Records from a collection:
————————

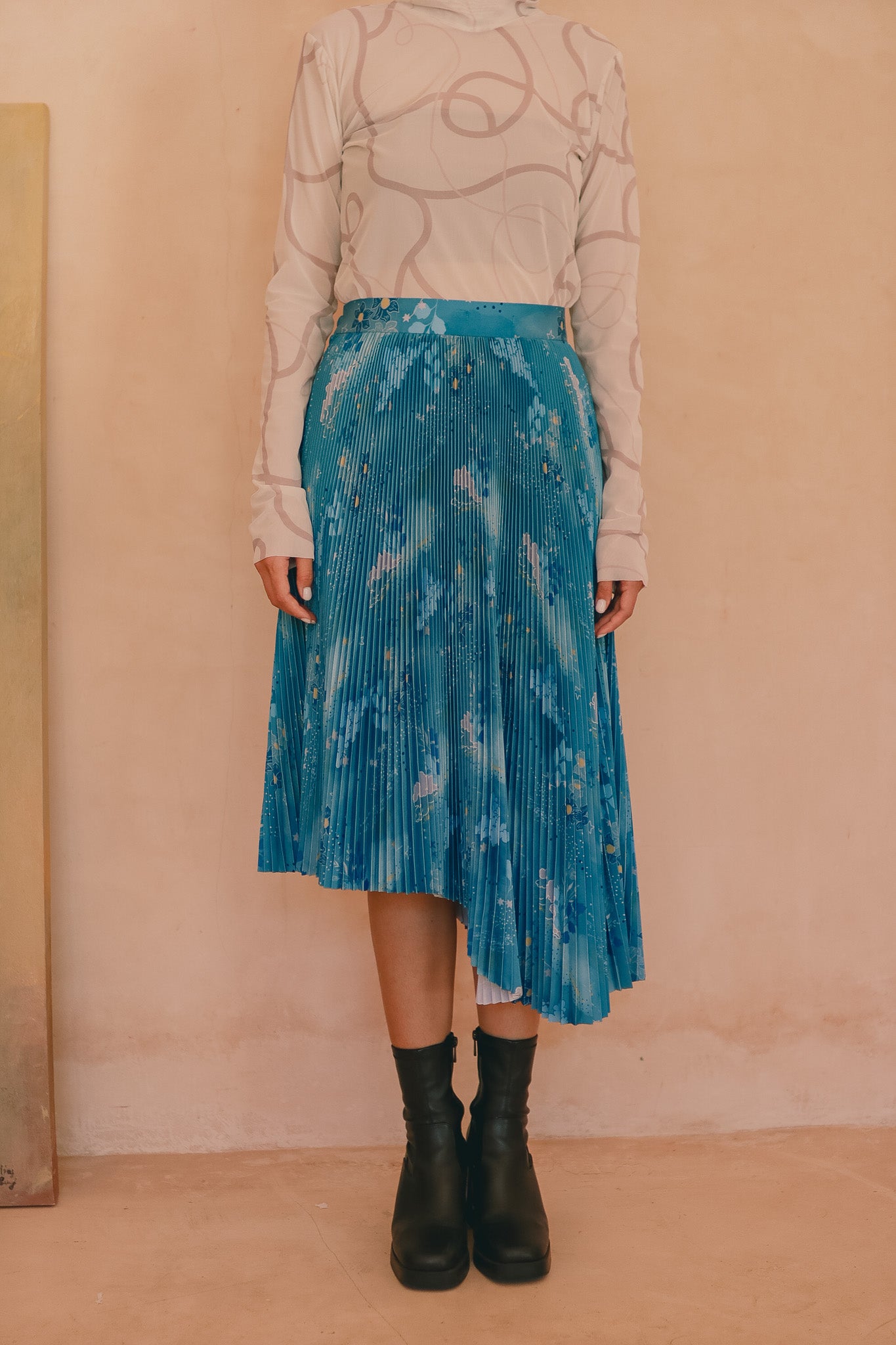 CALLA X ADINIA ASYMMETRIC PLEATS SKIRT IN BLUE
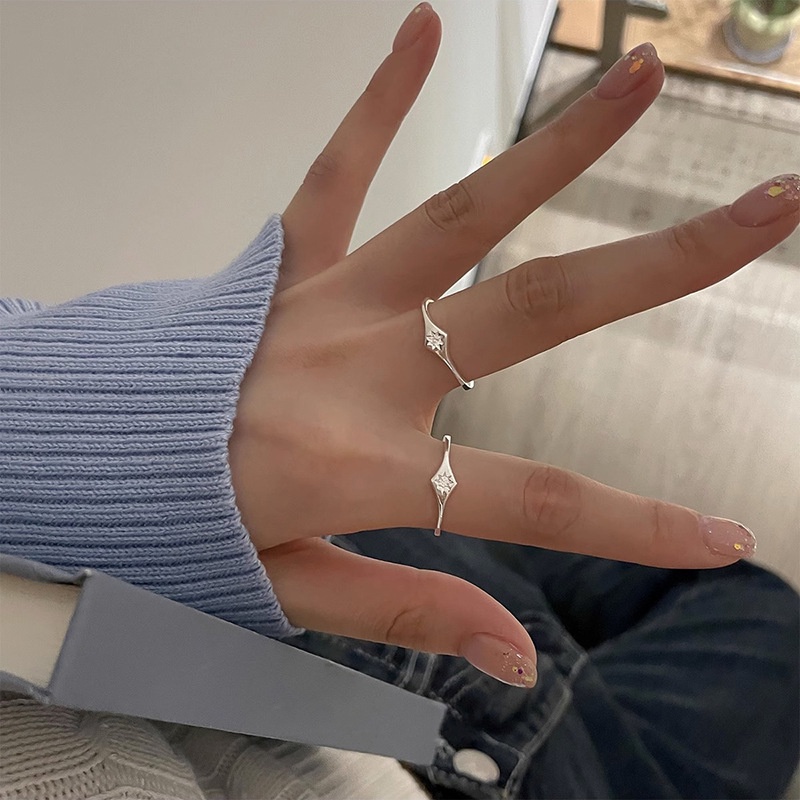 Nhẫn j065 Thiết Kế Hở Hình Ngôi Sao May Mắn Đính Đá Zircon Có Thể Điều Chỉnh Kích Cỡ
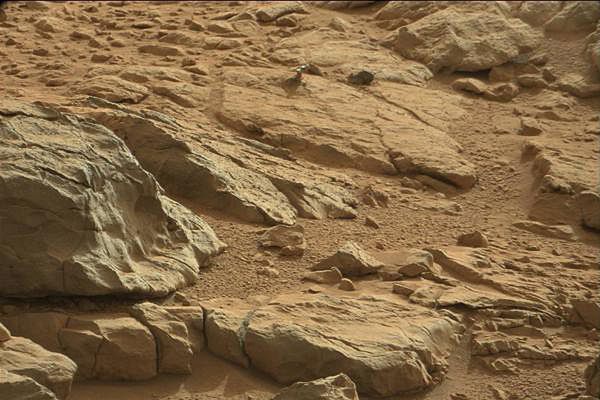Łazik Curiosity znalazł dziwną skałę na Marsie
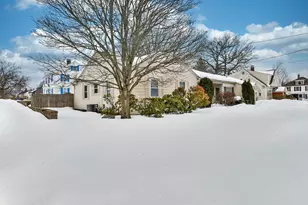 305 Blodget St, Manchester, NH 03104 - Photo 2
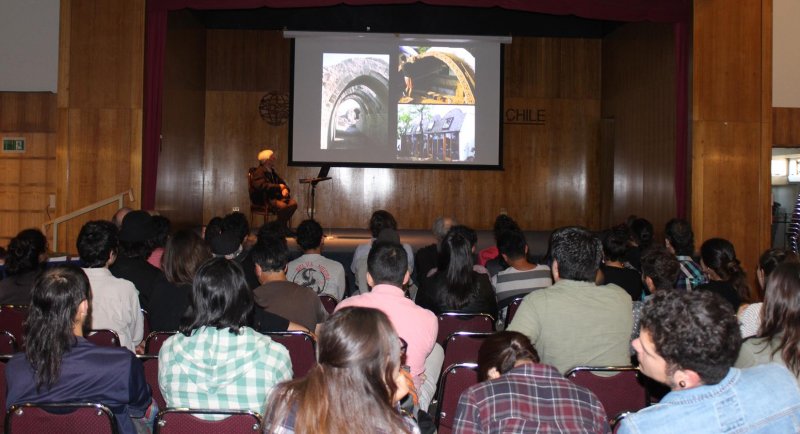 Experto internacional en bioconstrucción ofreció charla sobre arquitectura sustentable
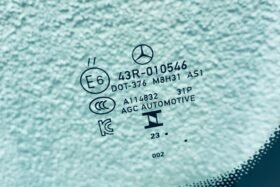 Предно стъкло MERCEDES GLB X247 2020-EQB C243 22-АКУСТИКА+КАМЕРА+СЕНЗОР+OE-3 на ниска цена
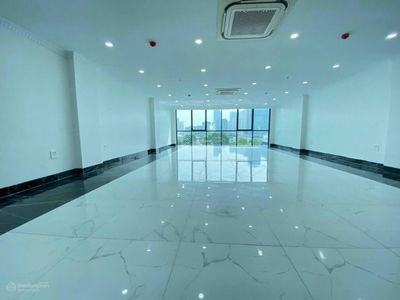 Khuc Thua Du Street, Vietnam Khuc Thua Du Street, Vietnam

————————

The lines from the one containing "Nhẫn j065 Thiết" through the last line of the records are what you should copy, word for word and nothing else, with pictures left out.

 Nhẫn j065 Thiết Kế Hở Hình Ngôi Sao May Mắn Đính Đá Zircon Có Thể Điều Chỉnh Kích Cỡ
Łazik Curiosity znalazł dziwną skałę na Marsie
 305 Blodget St, Manchester, NH 03104 - Photo 2
 Experto internacional en bioconstrucción ofreció charla sobre arquitectura sustentable
 Предно стъкло MERCEDES GLB X247 2020-EQB C243 22-АКУСТИКА+КАМЕРА+СЕНЗОР+OE-3 на ниска цена
 Khuc Thua Du Street, Vietnam Khuc Thua Du Street, Vietnam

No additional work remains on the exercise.